Jacinda Ardern. Photo: File
Jacinda Ardern. Photo: File
‘‘Doing’’  helps alleviate anxiety, so Breton Dukes is writing to new Labour leader Jacinda Ardern with a suggestion about thinking big.

It's Saturday. I've just been in the garden with my 4-month-old son. It's basically been winter since he was born, and his sight's only really just come in, so it was his first real look at the world.

Mostly he was interested in the shapes the sky made in the leaves of the beech tree, and the gentle clatter of the breeze in the cabbage tree.

''Spring's coming, love,'' I said.

But he didn't answer, just sucked his hand and looked in the direction of a kereru feeding in a kowhai tree.
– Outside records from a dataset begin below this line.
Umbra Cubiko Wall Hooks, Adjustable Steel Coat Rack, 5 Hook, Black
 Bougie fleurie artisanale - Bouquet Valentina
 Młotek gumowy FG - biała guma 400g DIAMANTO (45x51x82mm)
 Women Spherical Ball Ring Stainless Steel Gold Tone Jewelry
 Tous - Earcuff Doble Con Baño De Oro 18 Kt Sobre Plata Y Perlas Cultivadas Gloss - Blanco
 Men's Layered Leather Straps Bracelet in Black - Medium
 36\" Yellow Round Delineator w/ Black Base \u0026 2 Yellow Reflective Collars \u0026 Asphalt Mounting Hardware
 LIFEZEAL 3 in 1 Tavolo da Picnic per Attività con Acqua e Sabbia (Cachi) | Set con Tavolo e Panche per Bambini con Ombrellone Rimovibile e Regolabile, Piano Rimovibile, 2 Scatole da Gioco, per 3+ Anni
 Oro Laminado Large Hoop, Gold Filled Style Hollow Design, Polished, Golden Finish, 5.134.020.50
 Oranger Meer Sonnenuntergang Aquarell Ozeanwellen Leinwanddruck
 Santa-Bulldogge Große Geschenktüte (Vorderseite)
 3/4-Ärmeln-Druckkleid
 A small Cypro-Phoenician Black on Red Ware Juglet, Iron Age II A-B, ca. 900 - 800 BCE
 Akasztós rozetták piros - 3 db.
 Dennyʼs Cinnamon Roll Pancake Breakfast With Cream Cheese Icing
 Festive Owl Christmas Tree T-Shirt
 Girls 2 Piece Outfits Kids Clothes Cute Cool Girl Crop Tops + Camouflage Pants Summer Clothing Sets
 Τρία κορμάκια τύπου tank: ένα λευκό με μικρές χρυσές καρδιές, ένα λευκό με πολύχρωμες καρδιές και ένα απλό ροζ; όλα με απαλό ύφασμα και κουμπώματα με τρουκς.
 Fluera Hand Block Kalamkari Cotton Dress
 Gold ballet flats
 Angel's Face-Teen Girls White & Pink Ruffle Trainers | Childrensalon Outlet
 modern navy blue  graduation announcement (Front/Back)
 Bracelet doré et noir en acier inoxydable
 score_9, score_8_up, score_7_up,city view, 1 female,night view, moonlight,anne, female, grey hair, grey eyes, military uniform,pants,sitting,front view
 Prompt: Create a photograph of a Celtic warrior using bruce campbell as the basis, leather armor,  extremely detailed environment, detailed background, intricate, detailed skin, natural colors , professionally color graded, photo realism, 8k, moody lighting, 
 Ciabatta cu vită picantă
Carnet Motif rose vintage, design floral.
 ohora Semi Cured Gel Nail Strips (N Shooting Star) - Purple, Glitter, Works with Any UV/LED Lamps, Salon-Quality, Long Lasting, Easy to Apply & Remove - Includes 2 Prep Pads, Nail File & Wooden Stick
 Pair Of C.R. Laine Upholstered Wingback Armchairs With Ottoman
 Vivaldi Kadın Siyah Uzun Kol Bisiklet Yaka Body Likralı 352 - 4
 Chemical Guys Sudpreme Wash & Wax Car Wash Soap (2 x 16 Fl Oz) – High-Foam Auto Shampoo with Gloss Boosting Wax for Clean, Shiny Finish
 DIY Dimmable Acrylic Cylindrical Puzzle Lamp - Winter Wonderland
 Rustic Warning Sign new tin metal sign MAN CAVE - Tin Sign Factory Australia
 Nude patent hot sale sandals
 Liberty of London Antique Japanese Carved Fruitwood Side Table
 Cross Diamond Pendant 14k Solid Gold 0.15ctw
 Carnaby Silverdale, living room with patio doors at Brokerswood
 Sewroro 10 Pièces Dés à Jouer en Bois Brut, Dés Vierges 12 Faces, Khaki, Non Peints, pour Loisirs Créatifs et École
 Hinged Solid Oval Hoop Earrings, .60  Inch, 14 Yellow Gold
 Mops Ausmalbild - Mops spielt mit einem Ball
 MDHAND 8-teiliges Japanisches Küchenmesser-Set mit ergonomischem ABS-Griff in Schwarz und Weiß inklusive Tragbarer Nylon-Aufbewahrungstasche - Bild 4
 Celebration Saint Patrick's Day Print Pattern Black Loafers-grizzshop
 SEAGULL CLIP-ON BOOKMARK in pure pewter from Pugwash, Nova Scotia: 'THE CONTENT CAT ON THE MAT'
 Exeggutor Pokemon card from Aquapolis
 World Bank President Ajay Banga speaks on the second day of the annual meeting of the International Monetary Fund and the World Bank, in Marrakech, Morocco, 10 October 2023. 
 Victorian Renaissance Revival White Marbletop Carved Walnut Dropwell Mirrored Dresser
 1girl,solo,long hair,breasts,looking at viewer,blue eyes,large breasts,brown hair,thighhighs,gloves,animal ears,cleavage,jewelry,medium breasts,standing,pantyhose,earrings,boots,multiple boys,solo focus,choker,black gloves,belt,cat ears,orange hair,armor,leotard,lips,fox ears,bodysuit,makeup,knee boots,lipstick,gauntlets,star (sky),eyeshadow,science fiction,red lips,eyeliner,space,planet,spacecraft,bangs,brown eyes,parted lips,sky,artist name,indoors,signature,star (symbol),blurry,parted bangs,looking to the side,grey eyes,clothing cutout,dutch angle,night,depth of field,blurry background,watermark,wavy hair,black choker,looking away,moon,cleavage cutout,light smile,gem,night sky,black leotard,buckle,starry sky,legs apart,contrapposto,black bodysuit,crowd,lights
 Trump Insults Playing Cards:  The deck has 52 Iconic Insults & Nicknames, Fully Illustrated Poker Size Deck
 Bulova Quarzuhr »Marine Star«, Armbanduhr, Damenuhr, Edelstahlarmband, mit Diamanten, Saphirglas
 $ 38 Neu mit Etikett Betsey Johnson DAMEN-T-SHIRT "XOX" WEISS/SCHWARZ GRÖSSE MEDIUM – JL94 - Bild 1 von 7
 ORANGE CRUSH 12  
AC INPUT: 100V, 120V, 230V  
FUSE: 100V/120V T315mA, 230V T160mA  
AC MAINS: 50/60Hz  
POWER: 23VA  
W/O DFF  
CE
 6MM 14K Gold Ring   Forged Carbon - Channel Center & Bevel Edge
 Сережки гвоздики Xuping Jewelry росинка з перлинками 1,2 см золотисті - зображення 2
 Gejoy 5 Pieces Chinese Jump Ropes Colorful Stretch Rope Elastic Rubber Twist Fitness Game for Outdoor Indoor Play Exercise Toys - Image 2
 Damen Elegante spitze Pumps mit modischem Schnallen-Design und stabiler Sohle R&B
Meanwhile, in Bedminster, New Jersey what's going on in US President Donald Trump's brain? That new set of grips he's arranged for his golf clubs? The meeting he keeps postponing with Scary ol' General Flynn? Or maybe mad-Don's talking to ''his'' other generals about the prevailing wind on the Korean Peninsula and where all that darn radiation might end up. Or is that too cynical? Probably he's with his son - out on Pop's personal deck - looking across to a grove of red oaks and wondering out loud when the leaves will change.

And Jacinda? Facebook tells me she's in Auckland, at a pay equity rally. Must be she's too busy for my email. I sent her one this morning - before the kids woke up - but I haven't heard back. Not that John Key answered the email I sent asking him to take more Syrian refugees.

That was around the time the child was photographed washed up on the beach. My first son had just been born, and it was hard not to imagine him lying on that sand, his dead feet being gently washed by the Mediterranean.

Now, when I think about the Syrian refugee crisis, it's almost with fondness. Millions displaced, hundreds of thousands dead, ancient cities decimated. I mean, these days we've got Trump, and forget artillery or sarin gas, he's going nuclear!

Goodbye Seoul, Pyongyang, Tokyo, Guam.

If bombs go off, it won't be as bad here in Kaikorai Valley. But nuclear winds, nuclear winters. Why is my family's future in the soft little hands of this maniac? Reading about Trump's ''Fire and Fury'' I wondered, what can I do? At least with that other great 21st century menace you can walk to work, or take fewer flights, or, become adept at recycling.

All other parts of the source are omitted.